SOULS WHO LEAVE US: Interview with a Helper Soul
An interview with Marie Johanne Croteau-Meurois:
This book is not another narration about the Afterlife!
The twelve true stories that are revealed are destined to spread hope and offer solace to the ones who stay on the life side during a loved one’s death. What happens when we die? It is a fundamental question that remains a great mystery.
Marie Johanne Croteau-Meurois doesn’t offer an answer but rather presents an opportunity for readers to become more open-minded about other realities in order presents an opportunity for readers to become more open-minded about other realities by describing the multiple paths a soul can take.
Over the pages of the book Souls Who leave Us, you are invited to open your heart to gradually dissolve the fog generated by our ignorance about death and the Afterlife. There is no doubt that we will never know exactly what is happening on the Other Side of the Veil before leaving our flesh bodies. This may be for a good reason: Every death is as unique as every life is. It is not about knowing what happens after death but rather welcoming possibilities by knowing that the real guide dwells in the heart.
Digital Sacrée Planète (SP): Marie Johanne, your new book, which was just released, reveals another aspect not only of your work but also of your personality. With The Souls Who Leave Us, we are far from the elven world that is dear to you.* You lead us once more into the Invisible but this time to human beings whose Passage in what is called the “Hereafter” was difficult.
*The Portal of the Elves by Marie Johanne Croteau-Meurois, Editor, Sacred Worlds Publishing
SP: How do you go about getting in touch with these souls?

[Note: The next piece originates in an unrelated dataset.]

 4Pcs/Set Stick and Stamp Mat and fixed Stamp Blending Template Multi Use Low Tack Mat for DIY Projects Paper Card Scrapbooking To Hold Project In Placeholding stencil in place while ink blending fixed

Marie Johanne Croteau-Meurois (MJ): For me, it’s quite simple, even if, for some, the nature of my way of doing it can seem strange or even incredible. I have long refused to reveal this side of my personality because communicating with those who are deceased places me in a fragile situation. I could not deny indefinitely, though, my ability to contact the Invisible since it is an integral part of my being. I am constantly solicited by souls in great suffering and difficulty in the Passage. They are calling me for help.

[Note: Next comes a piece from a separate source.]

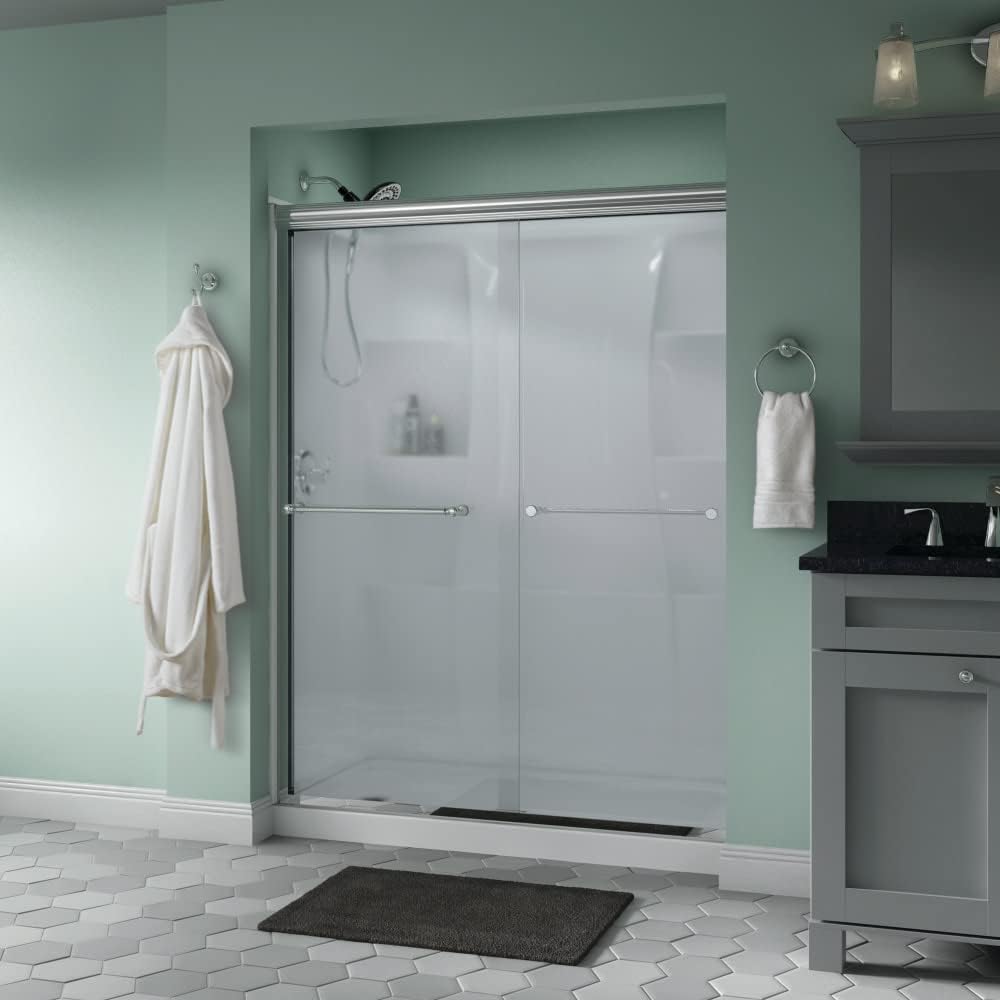 Delta Shower Doors SD3172313 Trinsic Semi-Frameless Traditional Sliding Shower Door 60in.x70in Handle, Nickel Track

How do I do this? With my natural ability to go out of my body since my childhood. It is with the projection of my consciousness out of my body that I manage to cross the Great Gate in both directions. I come back alive, loaded with information and my heart full of conversations with suffering souls who entrusted me with their sorrows and anger.
By conversing with them, approaching them, I can offer answers, comfort, and then finally start to help them gain the desire to advance toward the Light. Desire is what is most important.

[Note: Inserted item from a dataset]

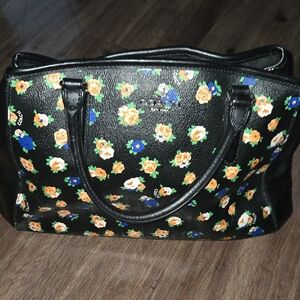 Coach Black Tote with Floral Design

I travel “out of my body” as easily as it is to breathe in and out, as easily as a simple blink of an eye. I don’t have a specific method for this out-of-body communication because, in my case, it is an innate faculty and not the result of a technique. I just have to think about a person, of a soul in particular, and find within me his or her eyes to project myself to their side. With this work that I do, there are also souls who come to see me in a relatively concrete way. I mean, I see them as if they were incarnated. These souls come to me in my house, touch me, cry, and call me. Depending on the case, they come to me or I go to them in response to a call. I never force a contact. I never force the contact. Instead, they reach out to me. I don't pick and choose.
MEDIUM AND HELPER SOUL
SP: Do you consider yourself a medium?
MJ: To be able to answer this question, we first should know what a medium is because it is a term used in a variety of circumstances. For instance, nowadays, some mediums prefer the more fashionable designation of “shaman.” I am not one of those people who offers paid consultations and spreads cards out in front of me, nor do I offer sessions close to spiritism to get in touch with the deceased member of a family in search of contact with his or her former world. I respect these people and their gifts. Some are excellent at what they offer. This is not a judgment. I am simply defining the differences between what they do and what I do.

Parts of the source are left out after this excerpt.